According to preliminary data from the International Data Corporation (IDC) Worldwide Quarterly Mobile Phone Tracker, China’s smartphone market shipped 68,4-million units in 3Q25, with the YoY decline easing to 0,6% after the previous quarter saw a drop of around 4%.

This was despite the third quarter being traditionally a low season, characterised by fewer new product launches, as well as more rational consumer spending due to the tightening of government subsidy policy. However, market performance is expected to see some improvement early next quarter as various brands began the early, concentrated launch of a significant number of their flagship products starting from mid-to-late September.

“The cautious sentiment turned consumers into value seekers.
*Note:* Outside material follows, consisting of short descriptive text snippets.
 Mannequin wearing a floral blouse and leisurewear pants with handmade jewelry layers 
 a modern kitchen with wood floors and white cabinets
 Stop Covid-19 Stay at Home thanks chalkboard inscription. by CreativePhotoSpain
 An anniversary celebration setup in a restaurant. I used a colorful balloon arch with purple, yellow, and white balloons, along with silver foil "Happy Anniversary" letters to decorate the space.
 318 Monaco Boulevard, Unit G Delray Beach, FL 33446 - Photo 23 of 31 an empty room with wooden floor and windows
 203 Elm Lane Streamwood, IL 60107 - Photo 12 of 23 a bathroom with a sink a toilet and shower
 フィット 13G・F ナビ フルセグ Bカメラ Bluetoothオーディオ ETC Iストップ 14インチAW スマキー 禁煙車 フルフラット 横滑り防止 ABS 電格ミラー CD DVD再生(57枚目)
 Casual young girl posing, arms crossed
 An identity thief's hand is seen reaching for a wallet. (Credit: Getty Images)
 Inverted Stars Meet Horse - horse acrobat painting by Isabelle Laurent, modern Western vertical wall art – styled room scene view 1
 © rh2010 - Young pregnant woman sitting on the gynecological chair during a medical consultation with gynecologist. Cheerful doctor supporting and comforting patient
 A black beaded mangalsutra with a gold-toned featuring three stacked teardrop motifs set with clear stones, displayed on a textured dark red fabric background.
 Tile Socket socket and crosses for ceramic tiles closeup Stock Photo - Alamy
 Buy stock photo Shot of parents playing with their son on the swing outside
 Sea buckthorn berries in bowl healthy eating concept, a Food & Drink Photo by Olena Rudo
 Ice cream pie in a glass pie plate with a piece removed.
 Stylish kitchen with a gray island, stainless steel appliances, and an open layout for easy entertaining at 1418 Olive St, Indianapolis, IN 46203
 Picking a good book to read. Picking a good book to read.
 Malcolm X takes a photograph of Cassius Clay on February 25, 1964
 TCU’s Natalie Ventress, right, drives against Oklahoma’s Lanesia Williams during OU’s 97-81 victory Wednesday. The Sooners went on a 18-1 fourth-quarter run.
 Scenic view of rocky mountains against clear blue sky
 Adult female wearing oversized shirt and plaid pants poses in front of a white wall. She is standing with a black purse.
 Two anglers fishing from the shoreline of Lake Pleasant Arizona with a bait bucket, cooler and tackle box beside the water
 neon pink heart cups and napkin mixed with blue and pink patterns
This was not entirely a negative development, as we saw this trend specifically benefit Apple’s new product launches,” says Will Wong, senior research manager for Client Devices at IDC Asia/Pacific. “Apple’s value-for-money base model iPhone 17 successfully captured this group of consumers, helping it to achieve slight growth and a higher ranking than the previous quarter.

“Separately, Honor emerged as another notable performer, tying with OPPO,” Wong adds. “This reflected a head-to-head competition and broader intense rivalry among market players.”

Arthur Guo, senior research analyst in Client System Research for IDC China, says: “The Singles’ Day online shopping festival will be the most-awaited event in the last quarter of the year. Nevertheless, the event is unlikely to spark significant additional consumer demand amid the economic uncertainty.

“Smartphone OEMs must look beyond appealing pricing and promotions and return to the fundamentals: creating differentiated, truly competitive products to secure consumer favour,” Guo says.